Могут сказать, что все это существовало всегда, хотя, пожалуй, /547/ спорадически и менее выражено. Но здесь решающее значение принадлежит как раз порядку величин. Количественные пропорции изменились настолько, что феномен приобрел новые качественные черты. Это произошло как из-за огромного увеличения совокупного потенциала советского народного хозяйства, а следовательно, и той базы, на которой могли воспроизводиться и развиваться упомянутые тенденции, так и из-за все меньшей действенности приказов сверху, с помощью которых пытались предотвратить их распространение.

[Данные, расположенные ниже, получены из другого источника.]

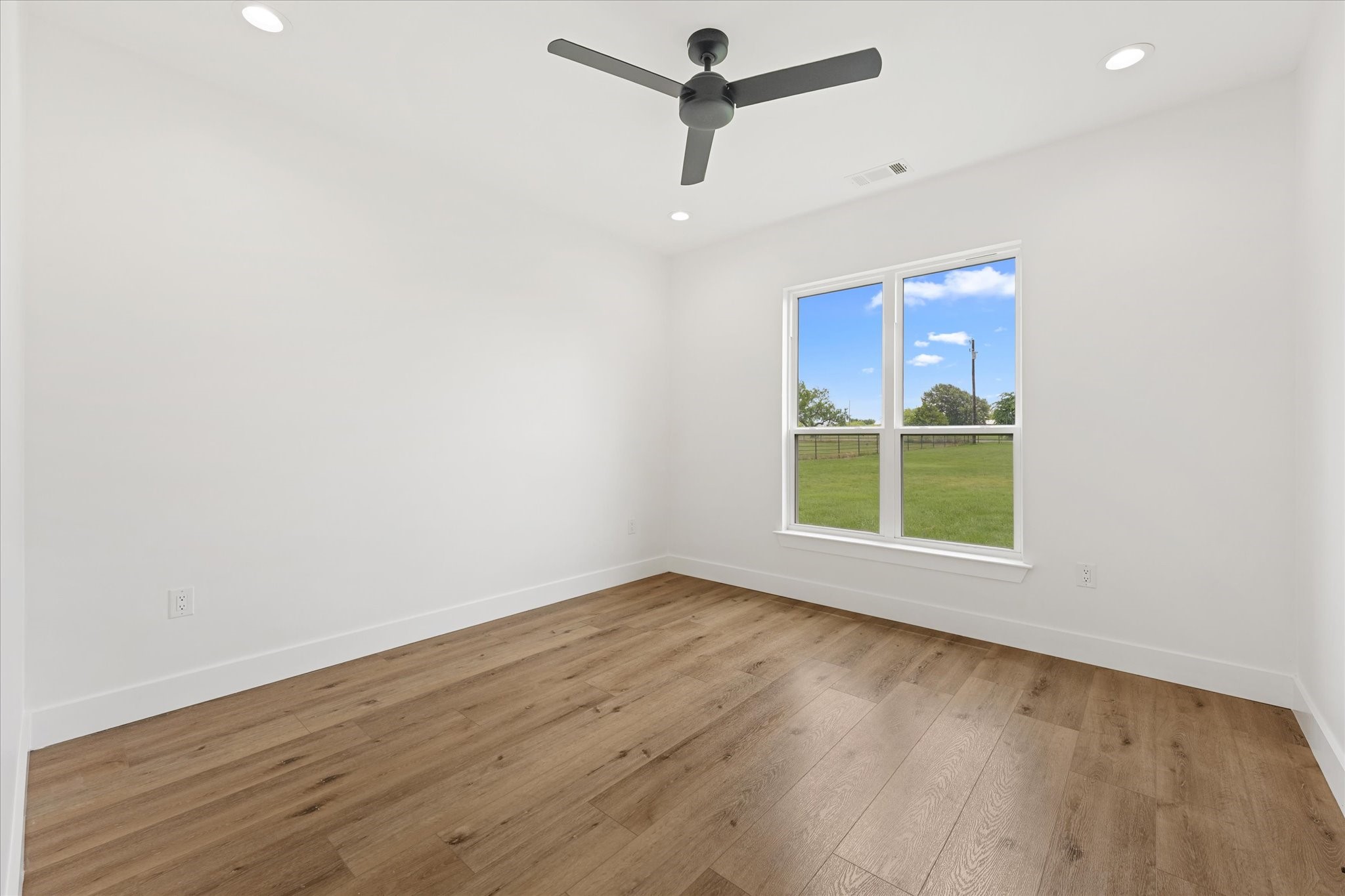 2742 Sundown Drive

В результате складывалось очень тревожное положение. Экономика в целом не развивалась. Даже по официальной статистике, обоснованно подозреваемой в оптимистическом завышении данных, темпы хозяйственного роста СССР на протяжении 70-х годов медленно, но неуклонно угасали и, наконец, почти замерли к началу следующего десятилетия. Именно это явление было позже охарактеризовано как период «брежневского застоя». Через государственный бюджет шло по-прежнему массированное вливание инвестиций в народное хозяйство, но их отдача резко сокращалась и, во всяком случае, была куда ниже, чем рентабельность капиталовложений в других странах. Получалось так, что все цели, установленные правительством и торжественно одобренные на партийных съездах, не только не приближались, но и становились все более отдаленными.

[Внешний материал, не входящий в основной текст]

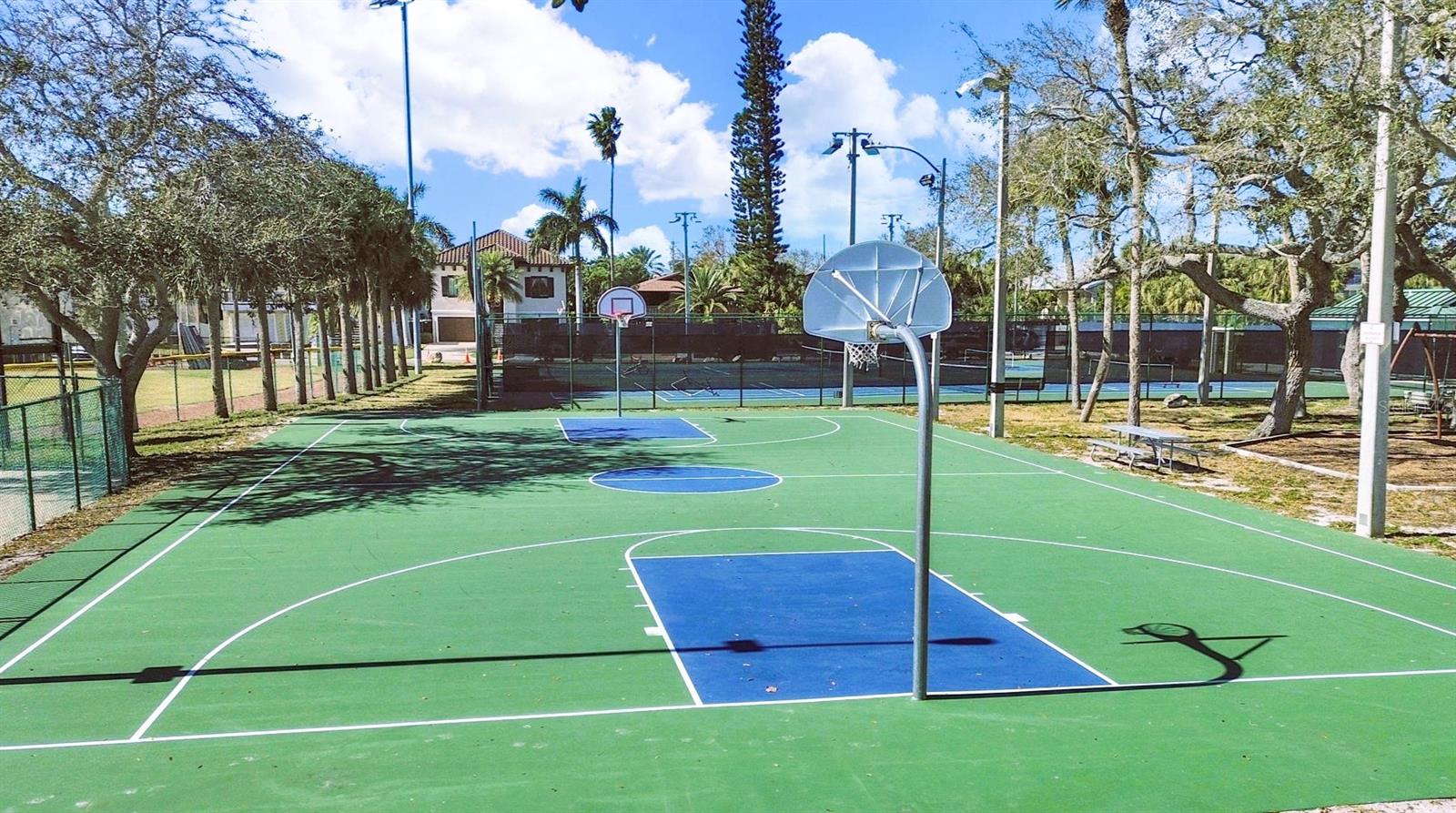 825 E GULF BLVD #110, INDIAN ROCKS BEACH, FL, 33785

В качестве основного направления развития советской экономики; уже в начале 70-х годов был провозглашен переход от «экстенсивного» к «интенсивному» хозяйствованию, то есть к такой экономике, рост которой определялся бы главным образом улучшением качественных показателей. На практике же именно эти показатели — производительность труда, ресурсосбережение, качество продукции, эффективность использования оборудования — не только не прогрессировали, но и ухудшались.
Брежневское руководство начало с того, что предстало перед страной с лозунгом, в котором обобщалась целая программа: научно-техническая революция. Считалось даже, что научно-технический прогресс сделает ненужными структурные реформы, обсуждавшиеся в 60-е годы. Но именно на этом направлении стране не удалось продвинуться вперед: ее экономика оказалась маловосприимчивой к тем достижениям — от компьютеров до биотехнологий, — которыми характеризовалось впечатляющее преобразование нашего мира на протяжении последних 15–20 лет. СССР уже страдал от отсталости в наиболее чувствительных к новым завоеваниям отраслях — от информатики до телекоммуникаций — и пребывал, таким образом, в неподвижности, в то время как в других странах наиболее развитой части мира совершался, в частности под воздействием нефтяного кризиса, подлинный переворот в способах производства, в науке и сфере услуг. Именно это и имелось в виду, когда говорилось, что при брежневском правлении были потеряны примерно два десятилетия.